Not quite, Wikipedia lists 34 players on their roster for their upcoming FIFA World Cup qualifiers, 12 of whom play in England.  In any case though where they play doesn't matter as no one seriously thinks that a poor country like Jamaica could support a major pro team let alone a major pro league. 

At a quick glance it looks like most of the Jamaican soccer team are Jamaicans by birth, so again it's a case of a few heritage players strengthening a team primarily comprised of players who spent their formative years in Jamaica.  That's a far cry from a team full of players who only qualified by heritage, plus it's only one out of the 100+ national soccer teams in the world.

Agree that the issue is entire heritage teams (which RL is rife with) not heritage players.

On 31/08/2021 at 12:57, Tommygilf said:

For those complainin about "fake" national sides. 15 of the Jamaica Football team squad play in England.

Heritage players are not the issue, heritage teams are.

More crucially, the sport has a significant presence in Jamaica. Its biggest name Bolt messaging the other day about Ronaldo rejoining Man Utd. It’s most famous export Bob Marley spent more time playing the game than making music. 

On 02/09/2021 at 10:43, nadera78 said:

It seems as if football changed its eligibility rules when I wasn't looking. It used to be that once a player appeared in a competitive senior game for his country he was locked into playing for them and no-one else. Now it appears that you can switch if you have played no more than 3 competitive senior matches before turning 21.

More and more sports are allowing players to switch between nations, albeit with different ways of regulating it.

Heritage players are not the issue, heritage teams are.

 

There’s a great deal of naivety the way this issue is looked at on here. I’ve seen this naivety peddled out previously (“Jack Charlton’s Ireland full of non Irishmen” etc.)
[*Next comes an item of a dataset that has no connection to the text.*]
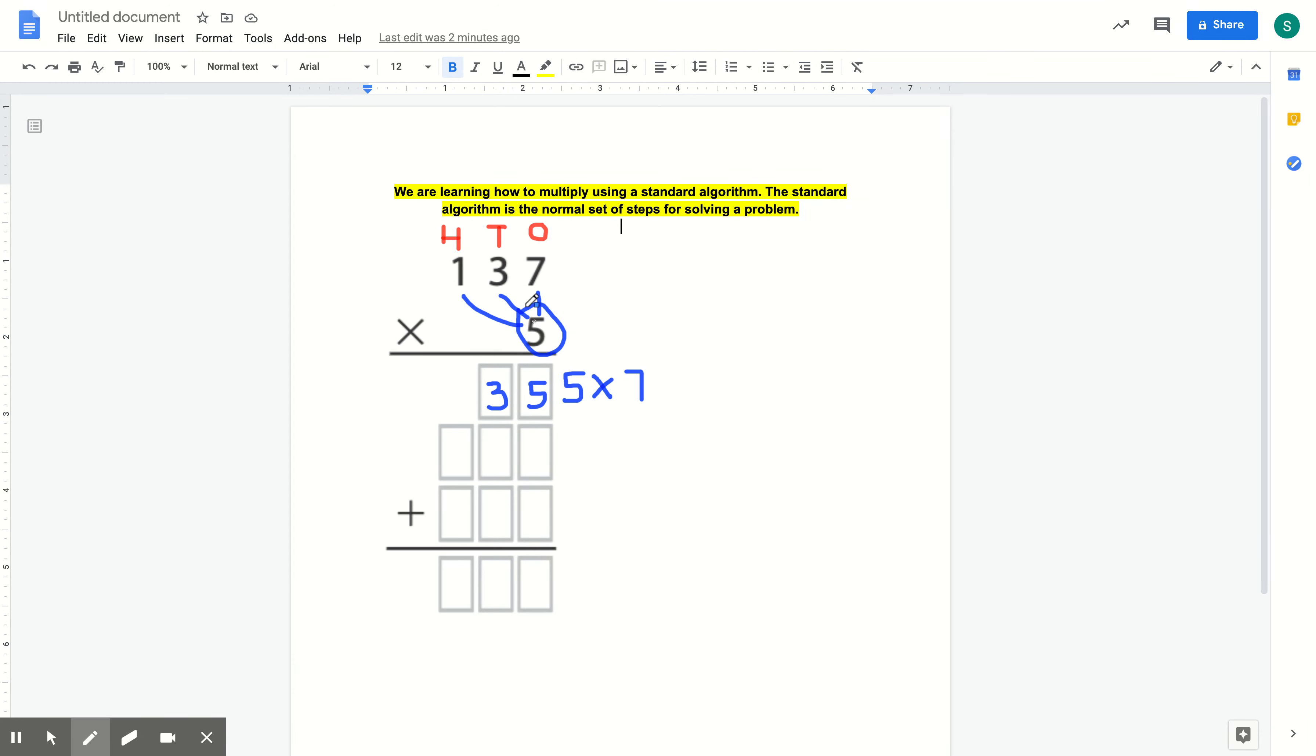I'm now going to do 5 times 3. But remember, we talked about this. The 3 is actually in the tens spot, so the value of that 3 is actually 30.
In our best XI we had six Irish players, and five non Irish born players. Yes having a native presence is important (which those six players represent), but the MAIN reason it’s important is it signifies the sport has a presence in the country, a grass roots, a following. And the following for football in Ireland is huge, more than any other sport. Having ZERO native born players signifies the sport has no presence in a country, no grass roots, thus no interest to work with.

An Ireland RL team with XIII blokes from Yorkshire/Aus has never generated much/any interest in the media, nor among the populous. There’s no grass roots (which as I said, native players would represent), no following. Scotland are in a similar boat with a heritage team, and they play internationals in what looks like a community field.

On 01/09/2021 at 21:19, The Hallucinating Goose said:

I couldn't give a toss what other sports have as their eligibility rules, that's up to them, they don't dictate what we do in our sport and we shouldn't run our sport based on what others do. We are our own thing just like they are theirs and we've chosen a set of rules for international eligibility that suits us not what suits football, union, cricket, basketball, ice hockey, kabaddi, goat polo or whatever other sport you can think of.

All I care about is seeing an entertaining game of rugby league and I couldn't really care less who is playing for what team to achieve that. 

Eligibility rules (as I’ve touched on above) is a secondary issue, the prime issue is the lack of grass roots.

No grass roots, no following, no interest. THIS is the main problem, and no native players is merely a product of this problem.

 

 

  • 4 weeks later...
Posted
6 hours ago, UTK said:

Scotland have announced their extended squad. Looks like a fairly decent squad to me and I reckon there's a good chance it'll make quite an interesting game.

https://www.scotlandrl.com/2021/09/27/extended-bravehearts-squad-named/?fbclid=IwAR37grACmYySch5JNveVPSOk68mx--G-kUCa9Y0Ojgu5ame8ivgBAmF_w98

Nice to see a genuine International Rugby League post rather than the usual old moaning eligibly ramblings.

Is the Jamaica v Scotland game due to be broadcast in anyway, such as on the our league app?